Lector querido: supón que de repente cometes una barrabasada, una regada de tepache monumental, que te hizo pensar que eres alguien de lo peor. De seguro te sentirás mal, un ser horrible y pecaminoso, si crees en alguna religión. Lo curioso del caso es que ya sea que creas o no en algo o en alguien, de todas maneras te sientes mal contigo mismo. Algo muy dentro nos dice: “Actuaste de manera equivocada”. 

La gran pregunta es: ¿Si no creo en nada ni en nadie, por qué siento lo que siento, por qué me siento mal, culpable? Para los que saben de estas cosas, este malestar es causado por nuestra propia consciencia que, para acabarla de jorobar, no sabemos qué es, en dónde se encuentra, ni cómo funciona…Pero el caso es que provoca que yo me sienta mal conmigo mismo.

Si la soberbia o nuestro ego son tan grandes que no nos permiten aceptar que actuamos mal, entonces descubriremos mágicamente, que invariablemente el culpable de nuestro error, el causante de que uno se sienta mal, es el otro.

Nuestra mente se vuelve mañosa. Intentará por todos los medios convencernos de que nosotros siempre tenemos la razón en todo lo que hacemos,  “pensamos” y decimos. Difícilmente nos permitirá aceptar que pudiésemos estar equivocados en algo.

Aquí vemos el choque entre dos titanes intangibles, hábilmente disfrazados: La soberbia y la consciencia.
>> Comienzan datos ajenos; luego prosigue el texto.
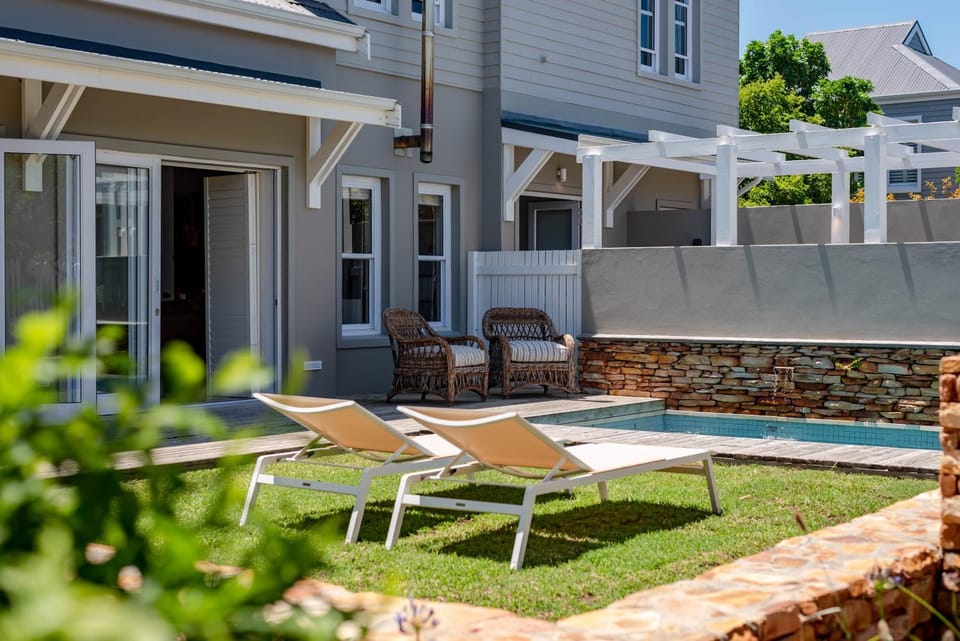 Garden, Swimming pool, sunbed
Descubrir la dimensión de nuestro ego es un trabajo arduo y doloroso, tanto o más que el encontrar la razón de ser de nuestra desconocida consciencia. Enfrentar la raíz de nuestra fragilidad suele ser muy doloroso, porque tiene raíces muy profundas, con las cuales construimos nuestra personalidad y nuestro ego, el lugar en donde se esconde la soberbia, pero, ¿en dónde encuentro a mi consciencia, quién la formó, cómo, para qué?

That is the question…, diría Shakespeare.